Stay Connected with the Boundless Blog

QGIS and the Bay Area Bike Share Open Data Challenge

Gretchen PetersonThe San Francisco Bay Area Bike Share Open Data Challenge is now underway, with entries due April 25, 2014. The idea is to use their open data on bike stations, bicycle traffic patterns, and weather to create an interesting visualization, map, or other product that adds value to the program.

Using open source mapping tools is a great way to explore the data and create winning entries for the contest. For those who are new to making maps out of open data, we’re here to help you get started. In this tutorial we’ll show you how to use QGIS, a popular mapping software product, to create a simple map out of the data. Build on this foundation to create your own contest entries and learn about data and geospatial technology along the way.

To get started, download all four data files from the contest website here. After you unzip the data you’ll see that it’s in CSV format. This is a comma delimited text file format that’s useful for spreadsheets and geospatial tables.

Installing QGIS

First, download and install QGIS. Then install the OpenLayers plugin, which simplifies adding some of the most common base layers, such as Google Maps or OSM, and makes it easier to visualize the bike station locations. You can install it by opening the Plugin Manager, selecting the Get more section and then searching for OpenLayers.


Now in the Plugins menu you should have a new entry where you can select the layers to add.



Adding bike share data

Add whichever basemap you like. In the following screenshots, you will see that we’ve added the Bing Road layer, which is less saturated than some of the others. A less saturated basemap helps to highlight the data that will be overlaid. You can zoom into San Francisco now or wait until the bike share data is added. To create the bike share data overlay, use the Add Delimited Text Layer button.


Add the station data file using the browse button. Use the x and y drop down selectors under Geometry definition to tell QGIS which fields have the latitude coordinates and which have the longitude coordinates. Latitude is y and longitude is x.


Your input should look like the screenshot above. Press OK. In the Coordinate Reference System Selector, type in “4326” in the Filter box and select WGS 84 in the box directly beneath it. Many — but not all — datasets in open data formats are in the WGS 84, or EPSG 4326, coordinate system.


The QGIS map should now look similar to the screenshot below. If it isn’t zoomed in properly, you can right-click the station_data layer in the Layers list and choose Zoom to Layer Extent.

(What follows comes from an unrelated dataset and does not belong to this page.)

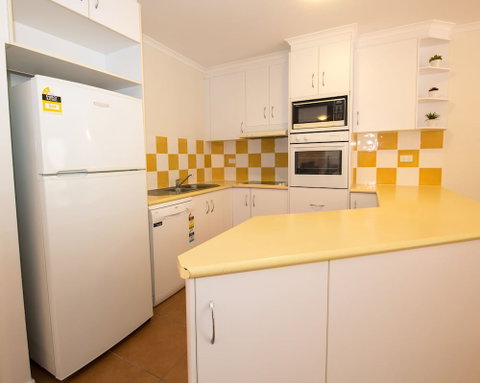 Beach Court - Schoolies Week Accommodation 2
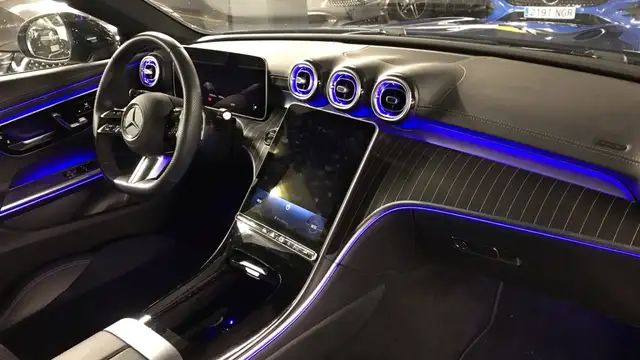 Mercedes-Benz Cle view 10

Joining and analyzing bike share data

There is a lot of data in the other three tables to explore but they need to be joined to the station data first since the station data contains the geometry for displaying the data on the map, while the other tables are related to the station data geometry via its station_id field. Fields that can be used for joining are often described in files that come with the data. The README.txt file that came with this data follows this convention.

In this tutorial we’ll use the trip_data table to perform an analysis and display the results on the map. First the trip_data table needs to be added to QGIS. Click Add Delimited Text Layer again, browse to the trip_data table, and choose “No geometry” next to Geometry layer definition. Press ok. The table is added to the Layers list in QGIS. Right-click the table name in the Layers list and click Open Attribute Table. You can see the data has loaded correctly. Notice that the station_id is used in the Start Terminal and End Terminal fields.


The average duration of a trip from each station is a good first analysis. To get the average duration we have to total up the durations of each trip by Start Terminal. This could be done in a spreadsheet program, exported as a CSV file, and then added into QGIS using the steps described above for loading non-spatial tables. Alternatively, we are providing, a script created that will do the calculation within QGIS.

In the Processing menu under Options and configuration, expand Scripts and view the folder path. This is the folder path in which to save the Python script. Once the script is saved to that path, restart QGIS.

Open the Processing Toolbox by clicking Processing > Toolbox. It will appear on the right-hand side of the QGIS window. Expand Scripts, Boundless, and double-click “avg.” Fill out the dialog with the following, making sure to save the table as a CSV file in the path of your choosing.


Now you can join the output table with the station data layer in order to visualize the average duration (in seconds) of trips from each station. Double-click the station_data layer in the Layers list to bring up the Properties window. Choose Joins and click the green plus sign near the bottom of the window. Pick the table from the list that contains the average data and the field that has the station ID number. If you used the QGIS script, these will be “output_table” and “class.” The Target field is “station_id.”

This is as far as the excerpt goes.